To assist in understanding and debugging your simulation, a rudimentary simulation visualizer is included in your repository. The simulation visualizer is a completely separate program that reads the output of your simulation program and displays these data graphically. The program is called Town2D. In order for it to work, your car simulation must display data in this format:

car 42: 5 3 N
car 95: 6 2 E
car 64: 1 5 E

car 42: 5 3 W
car 95: 6 2 S
car 64: 1 5 E

car 42: 5 2 W
car 95: 7 2 S
car 64: 1 6 E


  • Each line must start with car [id]:, exactly as shown.
  • After the colon and space, display the car’s current street, current avenue, and current heading, separated by spaces.
  • To indicate the end of a particular “snapshot,” display a blank line. So yes, the blank lines are required—otherwise, the simulation visualizer won’t know that the cars have changed state.

Finally, the simulation visualizer ignores all other output. This allows you to print out other data (e.g., the current time; the detection of a termination condition) for informational or debugging purposes.

Running the Simulation Visualizer

You have one more command line punctuation mark to learn in this assignment: the vertical bar or pipe (|). This symbol connects two programs together by sending the output of the command to its left into the command to its right, as if it were typed in by the user:

java CarSimulation < cars-example.txt | java Town2D

The above command will run the car simulation using the cars-example.txt file, displaying the simulation results (based on what CarSimulation prints out) in a window. To quit the visualizer, close the window.

Simulation Visualizer Options

The Town2D program accepts two command-line arguments: an interval and a “switch” for whether the simulation should display “tracks.” The interval is the delay between simulation updates, given in milliseconds. The program defaults to 1000. Tracks are not displayed by default, but can be activated by providing a second argument of any value.
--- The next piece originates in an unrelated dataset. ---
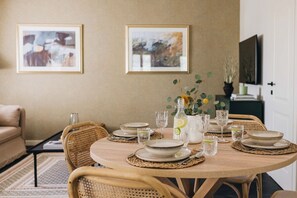 Dining - Beautiful 2 bedroom villa with large pool (Sinozici)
Thus, the following command will run the simulation such that it waits two (2) seconds between updates and it retains data on where the cars have been:

java CarSimulation < cars-example.txt | java Town2D 2000 track

Caveat simulator: The Town2D program is meant to aid in running and debugging the simulation; it is not intended to be a fully-robust, end-user program. Thus, it may have bugs and might not handle all error conditions in an elegant or user-friendly way.

“Interesting” Car Files

Once you are done with your simulation, it’s time to play with it! Come up with three (3) car files that result in “interesting” simulation runs. Explore the following scenarios:

  • What is the longest single route that a car can take before it loops around to repeat its instructions?
  • What are the longest routes that two cars can take without ever ending up on the same intersection at the same time?
  • What kinds of instruction strings will let a car touch every intersection in town without repeating any?

Submit the car file itself, a Markdown file with some commentary on that car file, and a screenshot of the Town2D simulation run produced by that car file (with the “tracks” feature turned on). If you feel duly inspired, maybe you can even find a way to submit the image as a GIF showing the cars’ movements. Link to that file from within the Markdown document for easy reading (look it up; it’s easy to do).

Summary of Deliverables

In sum, you are asked to implement a discrete event simulation of a simple town/traffic/car model. Submit the following:

  • A Car class that adheres to the API specification in the course website
  • A CarSimulation class that builds on the starter file provided in the repository and behaves as specified in these instructions
  • Three (3) “interesting cases” that produce simulation results with notable characteristics (three car files and three Markdown files linking to three screenshots)

Save them all in the GitHub repository that is given to you upon accepting the assignment.